Mais de belles histoires également. A commencer par Fanny, sœur de Mendelssohn, et son époux Wilhelm Hensel. Fanny présentée comme musicienne de talent, adorée par son frère, quoique ce dernier plus enclin à la reléguer aux tâches ménagères. Fanny qui mourut prématurément à l´âge de 42 ans, suivie de peu par Félix (âgé de 38 ans). Autre mariage sans ombre : Wolfgang et Constanze. Union au départ un peu forcée par la maman Weber (Mozart ayant d´abord jeté son dévolu sur la sœur Aloysa…) et qui suscita longtemps les foudres du papa Léopold (avant de donner sa bénédiction à la dernière minute).

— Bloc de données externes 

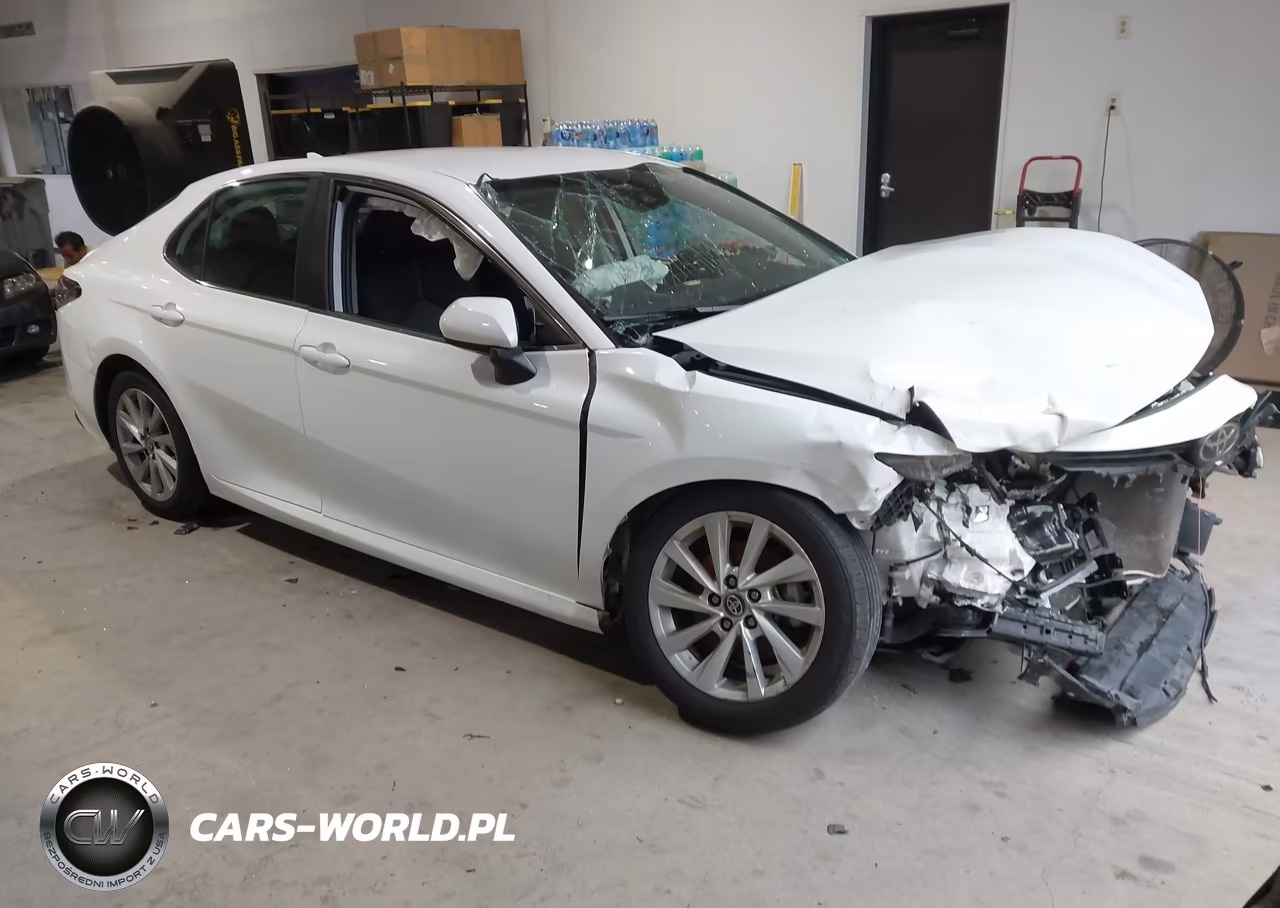 2022 Toyota Camry Le – zdjęcie 1 z 17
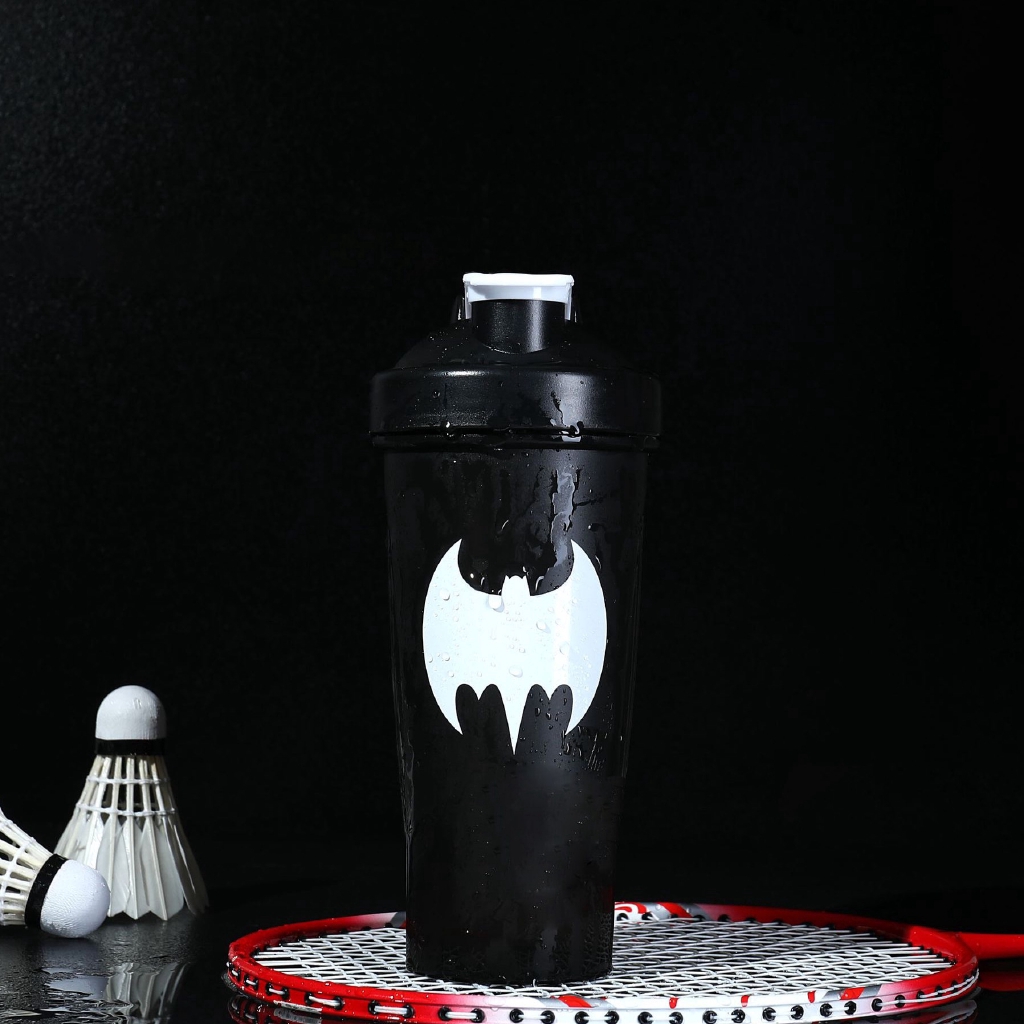 600ml Large Capacity Outdoor Bottle  Bottles Super Heroes Superman Batman Water Bottle Sports Kettle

Constanze, souvent malmenée par les biographes, bien injustement. Son tort : avoir été la compagne d´un génie. S´il est vrai que, quoique bonne chanteuse (3), elle se montra peu sensible à la musique de son mari (du moins, pas comme il eût fallu), elle se révéla une épouse discrète, fidèle et dévouée, qualités appréciées par son mari. Ils eurent six enfants en neuf années (dont quatre morts prématurément).

Moins heureux fut le mariage de Joseph Haydn. D´abord tenté par la soeur, il se rattrappa sur la cadette, fille d´un pérruquier de Vienne (heureux de caser sa fille..)- Mal lui en prit. Maria-Anna se révéla totalement fermée à toute forme de culture, ingrate et de caractère difficilement supportable. Mais ne plaignons pas trop vite notre ami. Il trouva facilement consolation auprès d´une jeune et belle Napolitaine qui accompagnait à la cour des Esterházy un vieux mari souffreteux, un certain Polizello, qui venait de se faire engager dans l´orchestre. Haydn avait 47 ans, la belle Luigia 19… Si le mari eut le bon goût de disparaître assez tôt, l´épouse Maria Anna tint encore de longues années.

Avant d´aborder le cas Beethoven, un mot sur Schubert. Tombé amoureux d´une certaine Teresa Grob, amour partagé. Teresa, sans être une beauté était sympathique, intelligente et bonne chanteuse. Ils s´aimèrent sincèrement, mais le père s´opposa à l´union de sa fille avec un prétendant démuni. Aussi finit-elle par épouser un boulanger. Réaction résignée de Schubert : „Le destin en a voulu ainsi”. Autre coup de cœur, une noble hongroise, Caroline Esterházy. Amour bien évidemment impossible. Partagé ? Nous l´ignorons, mais objet d´une vive affection de la part de Caroline. (Schubert se rattrapa sur la servante, la belle Pépi.)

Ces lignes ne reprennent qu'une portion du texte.